#### [Exercise requirements]
Your output should consist solely of the lines from the one holding "Never used~Glass Chess&Checkers" to the end of the records below, inclusive, reproduced exactly and free of pictures.

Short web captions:

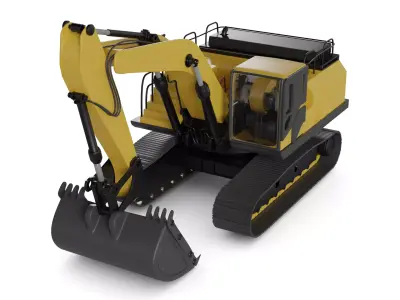 excavator 3D model by miniliktm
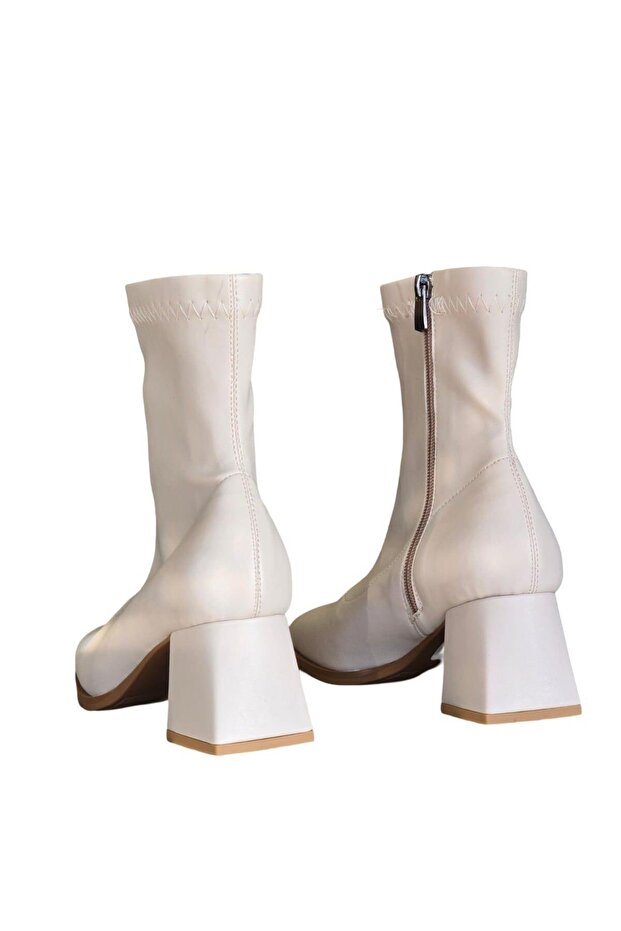 Lpy1256 Kadın Streç Bot Bej - 3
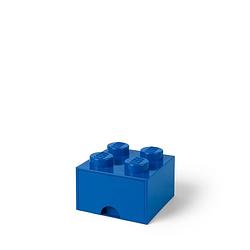 Foto van Set van 4 - opberglade brick 4, blauw - lego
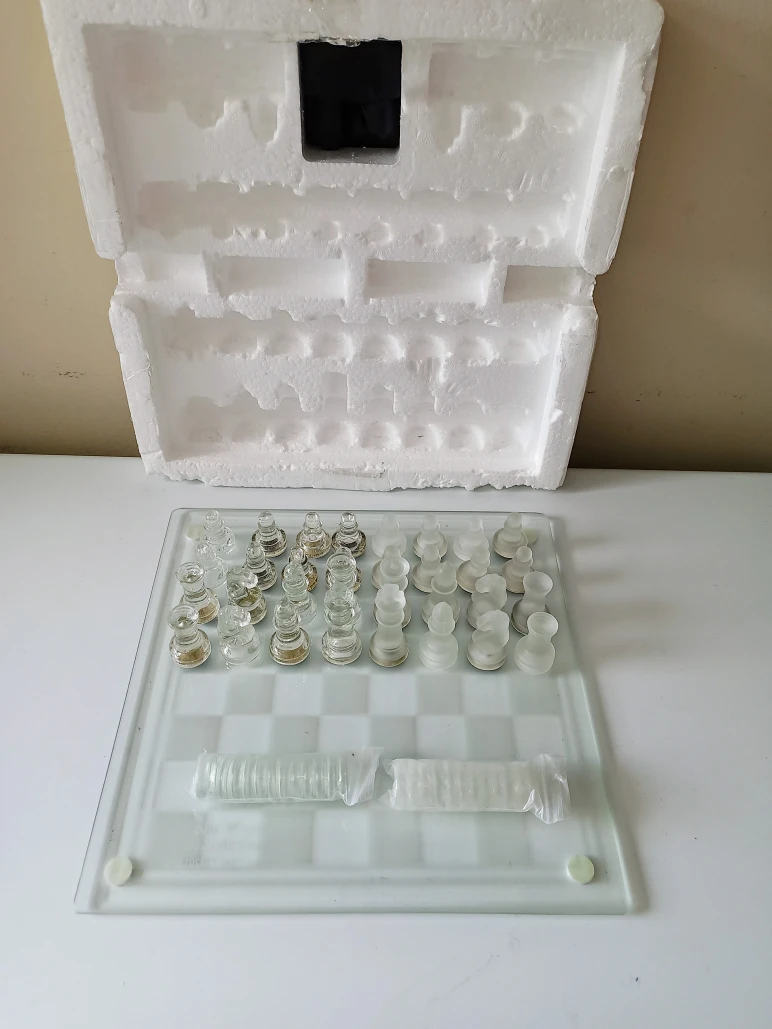 Never used~Glass Chess&Checkers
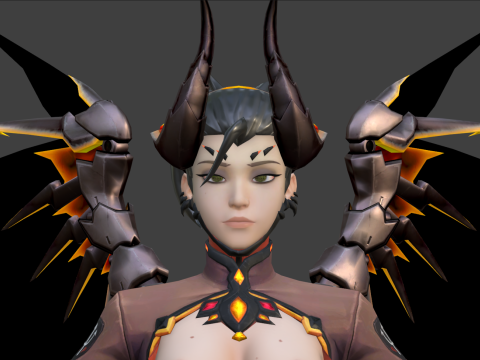 Devil Mercy Modèle 3D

#### [Solved problem]
 Never used~Glass Chess&Checkers
 Devil Mercy Modèle 3D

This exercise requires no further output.